Exercise description:
Return the data below in full and exactly, except that the pictures are dropped.

Supplied information:

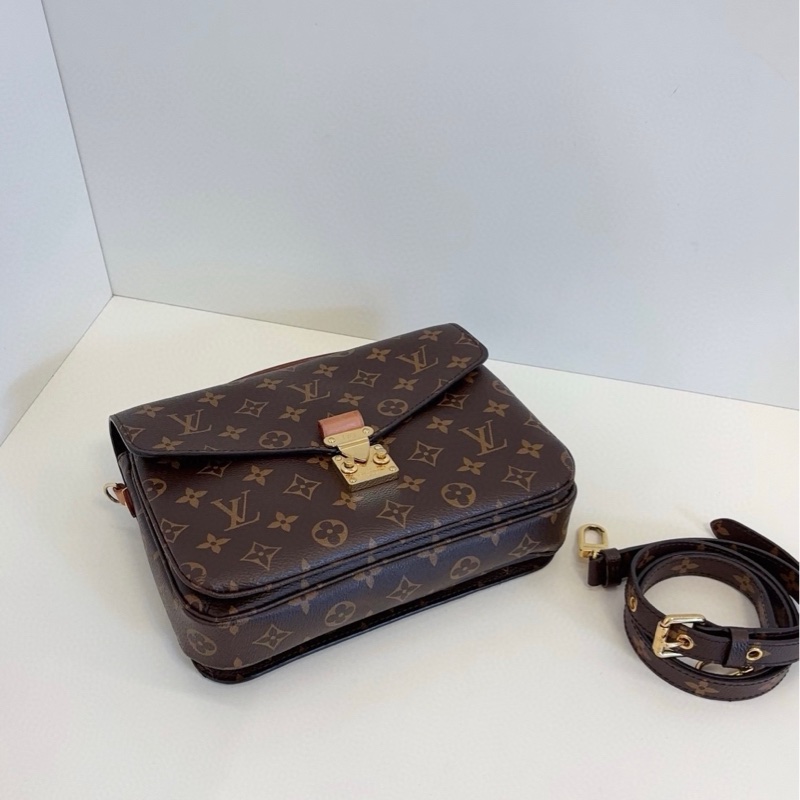 LV 路易威登 Metis 老花郵差包經典-5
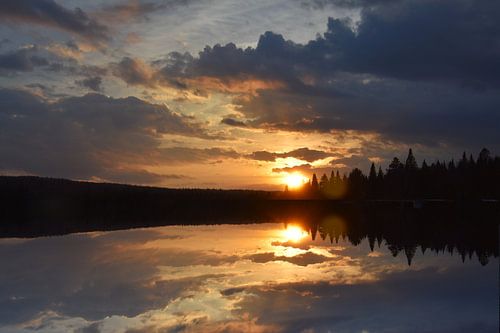 Een zonsondergang over het meer in de herfst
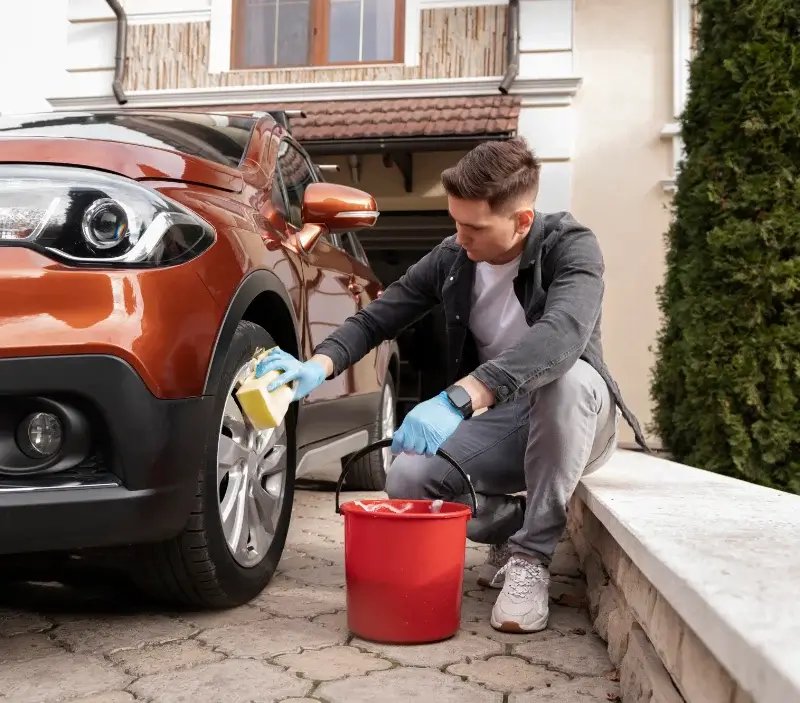 Lavage auto à domicile Folgensbourg : professionnel intervenant sur un véhicule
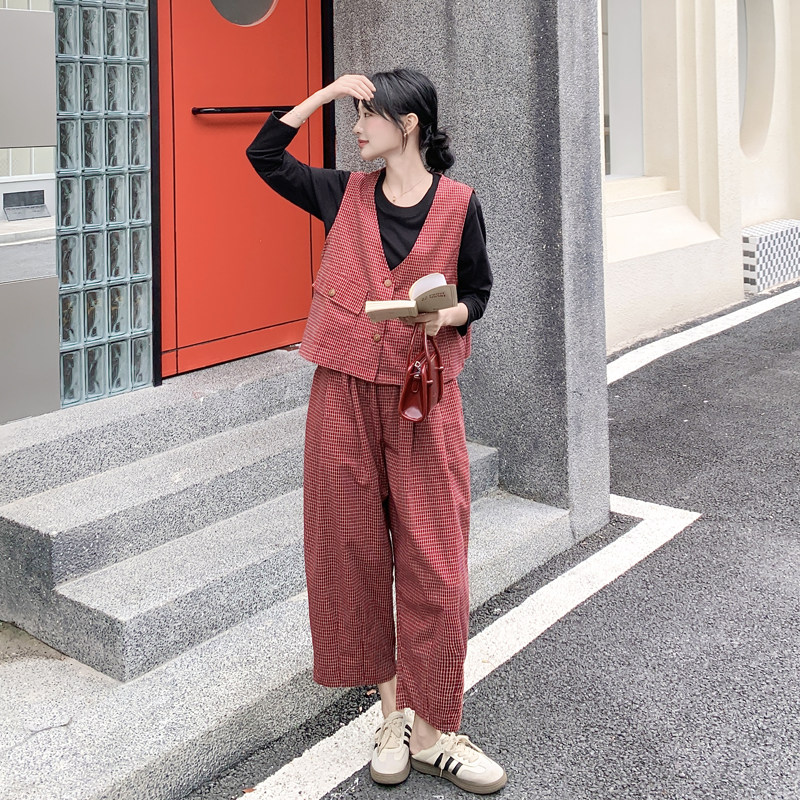 红色马甲阔腿裤套装女秋季2025超火轻奢高级感减龄大方得体三件套,女装套装/套裙,浙宝B馆111（原065）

Finished exercise:
 LV 路易威登 Metis 老花郵差包經典-5
 Een zonsondergang over het meer in de herfst
 Lavage auto à domicile Folgensbourg : professionnel intervenant sur un véhicule
 红色马甲阔腿裤套装女秋季2025超火轻奢高级感减龄大方得体三件套,女装套装/套裙,浙宝B馆111（原065）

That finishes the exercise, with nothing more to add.